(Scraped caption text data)
....................

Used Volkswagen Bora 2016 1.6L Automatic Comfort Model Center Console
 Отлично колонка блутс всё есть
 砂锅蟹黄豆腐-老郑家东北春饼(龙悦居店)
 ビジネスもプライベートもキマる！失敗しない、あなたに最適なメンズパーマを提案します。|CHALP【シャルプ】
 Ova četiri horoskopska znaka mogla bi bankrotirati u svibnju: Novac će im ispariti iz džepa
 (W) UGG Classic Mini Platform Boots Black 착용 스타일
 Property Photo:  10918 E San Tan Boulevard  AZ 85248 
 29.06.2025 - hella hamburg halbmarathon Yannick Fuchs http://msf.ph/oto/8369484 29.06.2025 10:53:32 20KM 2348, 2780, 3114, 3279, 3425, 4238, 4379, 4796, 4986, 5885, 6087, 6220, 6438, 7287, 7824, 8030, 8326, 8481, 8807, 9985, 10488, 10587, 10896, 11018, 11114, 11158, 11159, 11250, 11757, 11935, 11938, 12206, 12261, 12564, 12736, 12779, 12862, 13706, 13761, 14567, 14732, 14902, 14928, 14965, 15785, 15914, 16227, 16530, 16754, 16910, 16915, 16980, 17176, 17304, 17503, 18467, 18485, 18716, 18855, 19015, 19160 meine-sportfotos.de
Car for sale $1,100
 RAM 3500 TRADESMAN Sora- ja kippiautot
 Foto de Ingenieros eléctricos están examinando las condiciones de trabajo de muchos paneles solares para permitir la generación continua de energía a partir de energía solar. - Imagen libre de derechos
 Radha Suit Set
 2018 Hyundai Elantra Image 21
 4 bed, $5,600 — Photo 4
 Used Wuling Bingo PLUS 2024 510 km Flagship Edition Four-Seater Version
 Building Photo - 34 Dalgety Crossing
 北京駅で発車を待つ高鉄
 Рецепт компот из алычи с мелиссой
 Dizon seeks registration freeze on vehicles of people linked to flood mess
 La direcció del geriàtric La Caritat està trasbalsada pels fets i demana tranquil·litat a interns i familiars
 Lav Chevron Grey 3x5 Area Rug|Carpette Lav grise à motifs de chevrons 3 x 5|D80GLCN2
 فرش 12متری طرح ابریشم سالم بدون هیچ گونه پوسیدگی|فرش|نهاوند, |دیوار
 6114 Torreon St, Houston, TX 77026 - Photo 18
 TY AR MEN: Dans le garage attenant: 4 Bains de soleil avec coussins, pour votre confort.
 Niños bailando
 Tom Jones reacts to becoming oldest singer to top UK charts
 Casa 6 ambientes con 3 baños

....................

Beginning with the line that contains "10918 E San", each line of the records above through the last one must be printed word for word.

 Property Photo:  10918 E San Tan Boulevard  AZ 85248 
 29.06.2025 - hella hamburg halbmarathon Yannick Fuchs http://msf.ph/oto/8369484 29.06.2025 10:53:32 20KM 2348, 2780, 3114, 3279, 3425, 4238, 4379, 4796, 4986, 5885, 6087, 6220, 6438, 7287, 7824, 8030, 8326, 8481, 8807, 9985, 10488, 10587, 10896, 11018, 11114, 11158, 11159, 11250, 11757, 11935, 11938, 12206, 12261, 12564, 12736, 12779, 12862, 13706, 13761, 14567, 14732, 14902, 14928, 14965, 15785, 15914, 16227, 16530, 16754, 16910, 16915, 16980, 17176, 17304, 17503, 18467, 18485, 18716, 18855, 19015, 19160 meine-sportfotos.de
Car for sale $1,100
 RAM 3500 TRADESMAN Sora- ja kippiautot
 Foto de Ingenieros eléctricos están examinando las condiciones de trabajo de muchos paneles solares para permitir la generación continua de energía a partir de energía solar. - Imagen libre de derechos
 Radha Suit Set
 2018 Hyundai Elantra Image 21
 4 bed, $5,600 — Photo 4
 Used Wuling Bingo PLUS 2024 510 km Flagship Edition Four-Seater Version
 Building Photo - 34 Dalgety Crossing
 北京駅で発車を待つ高鉄
 Рецепт компот из алычи с мелиссой
 Dizon seeks registration freeze on vehicles of people linked to flood mess
 La direcció del geriàtric La Caritat està trasbalsada pels fets i demana tranquil·litat a interns i familiars
 Lav Chevron Grey 3x5 Area Rug|Carpette Lav grise à motifs de chevrons 3 x 5|D80GLCN2
 فرش 12متری طرح ابریشم سالم بدون هیچ گونه پوسیدگی|فرش|نهاوند, |دیوار
 6114 Torreon St, Houston, TX 77026 - Photo 18
 TY AR MEN: Dans le garage attenant: 4 Bains de soleil avec coussins, pour votre confort.
 Niños bailando
 Tom Jones reacts to becoming oldest singer to top UK charts
 Casa 6 ambientes con 3 baños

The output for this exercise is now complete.